Today me and my wife are celebrating ten years of marriage. We have come down a very long and sometimes dark road. 
From the very first time I saw her 14 years ago I new I was in love. For years she didn't think love at first sight was possible but I think I have her convinced now. 
A few years later we tied the not. We tried to have a baby and went threw a couple miscarriages. It put a strain on us. A few years later we started trying again. Not long after we had our first little girl. I have never been so proud and scared at the same time. We started to realize we were becoming better people and good things were happening to us. We had two more miscarriages  before we had our second little girl. Not long after that, a third. 
We never gave up. 
I am so impressed with the woman my wife has become. We started off as a couple of kids looking for a good time to becoming responsible adults. Been best friends through it all even when we were seperated for two years before the kids came. We saw each other every day, just couldn't help ourselves I guess.
I took a new job a month ago with lots of O.T. till the end of the year so there has been no time to buy her a card. I think this post will serve as a good substitute. I love her and wouldn't trade this time together for anything. 
She's my best friend.


----------



## RUGERWARRIOR (Sep 4, 2014)

The family!


----------



## DSGB (Sep 4, 2014)

Congratulations!

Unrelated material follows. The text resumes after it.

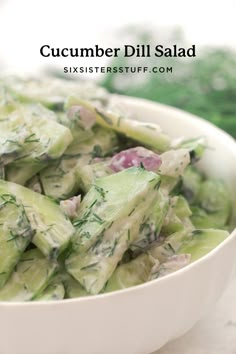 a white bowl filled with cucumber salad on top of a table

My wife and I celebrated our 9th anniversary yesterday.


----------



## wvdawg (Sep 4, 2014)

Congrats!  May you share many, many more!


----------



## Crickett (Sep 5, 2014)

Congrats to y'all!


----------



## shakey gizzard (Sep 5, 2014)

Congrats!


----------



## walkinboss01 (Sep 6, 2014)

Congrats!!!


----------



## GAGE (Sep 6, 2014)

Congrats to all of you!


----------



## bigelow (Sep 8, 2014)

Congrats man.


----------



## RUGERWARRIOR (Sep 10, 2014)

Thanks everyone


----------



## kenway (Sep 14, 2014)

congrats man we need to get together sometime been a while


----------



## Old Winchesters (Sep 26, 2014)

Congrats! 25 for me in November... As for not having time to get a card, a hand written heartfelt note will be cherished.


----------



## ghadarits (Oct 9, 2014)

Old Winchesters said:


> Congrats! 25 for me in November... As for not having time to get a card, a hand written heartfelt note will be cherished.



Congrats to everyone of you guys who has stuck with it through thick and thin.

It will be 30 for me in November. I can tell you for a fact a hand written note from the heart will earn you big points..... but it has to be believable. Just saying.


----------



## bowhunterdavid (Oct 10, 2014)

congrats, looks like the good LORD is pouring his blessings out on you.


----------



## j_seph (Oct 10, 2014)

Congrats to you and your wife and especially to your kids who have parents who care about one another. Here's to 40 more years


----------



## HawgWild23 (Oct 10, 2014)

Congrats the dark times make you stronger for the good times. now a days 10 years is a long time when a couple gets in a fight the first thing that say is the D word.  November 2 will be 12 years for me and my wife.


----------